Pivotal Midwest states see uptick in young voters


(CNN)More than 6 million ballots have already been cast in four pivotal Midwest states: Iowa, Michigan, Minnesota and Wisconsin.

President Donald Trump and former Vice President Joe Biden will both appear in Minnesota and Wisconsin on Friday. In addition, Trump will stop in Michigan and Biden will appear in Iowa.

All four states are among CNN’s most competitively rated.

With four days until November 3, here’s a deeper look at who’s already voted in these key states, with data from Catalist, a company that provides data, analytics and other services to Democrats, academics and nonprofit issue-advocacy organizations.


    The Hawkeye state voted twice for the Obama-Biden ticket but then backed Trump-Pence by almost 10 points over Hillary Clinton in 2016. Polls show a tight race.

    Democrats currently have a 16-point advantage over Republicans in the pre-Election Day vote. At this time four years ago, they led Republicans by just 10 points. This is not indicative of any outcome, as the GOP holds a slight edge in voter registration in the state, and polls show many Republicans nationwide prefer to vote on Election Day.

    Voters under 30 make up 11% of all early voters so far — up four points from this time last cycle. Voters 30-64 are up five points from 43% of turnout at this point four years ago to 48% now. Voters 65 and older make up a smaller share of early voters than at this point four years ago.

    The racial breakdown of Iowa’s early voting electorate remains consistent with this point in 2016, with White voters making up the vast majority — 94% — of those who have already cast ballots.


    Trump earned Michigan’s 16 electoral votes four years ago with a 0.2% margin of victory. This year, Biden and Democrats are fighting to rebuild the so-called Blue Wall. Before Trump’s win, the state hadn’t voted for a Republican presidential nominee since 1988. The state expanded mail voting as an option to all voters in this year’s election.

    Currently, 10% of voters so far in the state are under 30 — at this point four years ago, only 3% were. While voters 65 or older made up 78% of early voters in 2016, they make up 44% of early voters so far this year.

    Black voters in Michigan have increased their share of ballots already cast compared to four years ago. They account for about 12% of those early votes so far, up from 8% at this point in 2016. White voters still represent the majority of those who’ve already cast ballots, although their share has decreased from 89% last cycle to about 83% currently.


    Both Trump and Biden will make stops in Minnesota on Friday, a state Hillary Clinton won by less than two points in 2016. The President sees the state as a possible opportunity to expand the map this year, even though no Republican presidential nominee has won here since 1972.

    Young voters make up 12% of early voters in Minnesota, more than twice the 5% share they had at this point in 2016.

    Black voters, Asian voters and Hispanic voters in Minnesota have seen one-percentage point upticks in their shares of ballots already cast compared to this time in 2016.

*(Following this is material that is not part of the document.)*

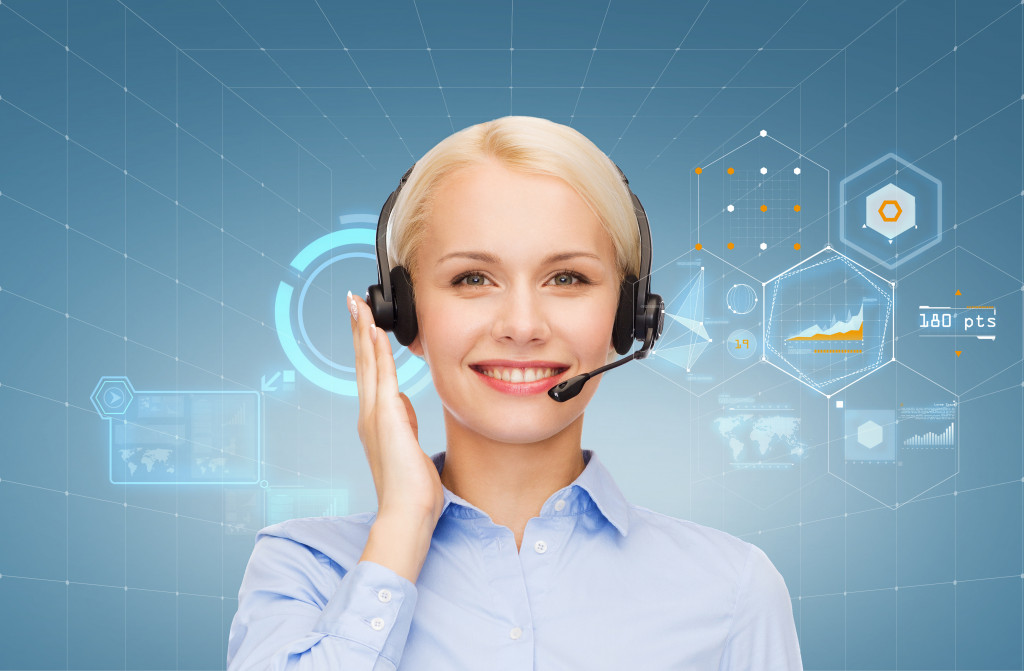 female virtual assistant smiling with tech-related icons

    White voters currently comprise a slightly smaller percentage of those early votes at 88%, down from 92% four years ago.


    Trump won the Badger State by less than one point in 2016, breaking a Democratic presidential streak dating back to 1988.

      Wisconsin has seen a large decrease in the share of early votes from people 65 or older, but the state hasn’t seen as much of an increase from voters under 30. Seniors went from 48% of the early vote in 2016 to 36% now. Voters under 30 made up only 4% of pre-Election Day voters four years ago but now make up 5%. The largest increase has actually come from voters with unknown ages. Those voters made up 5% of early voters four years ago, but now make up about 12%.

      The breakdown of Wisconsin’s early voters by race remains similar to that of four years ago. White voters represent a significant majority of those early votes at about 89%, followed by Black voters at 5%.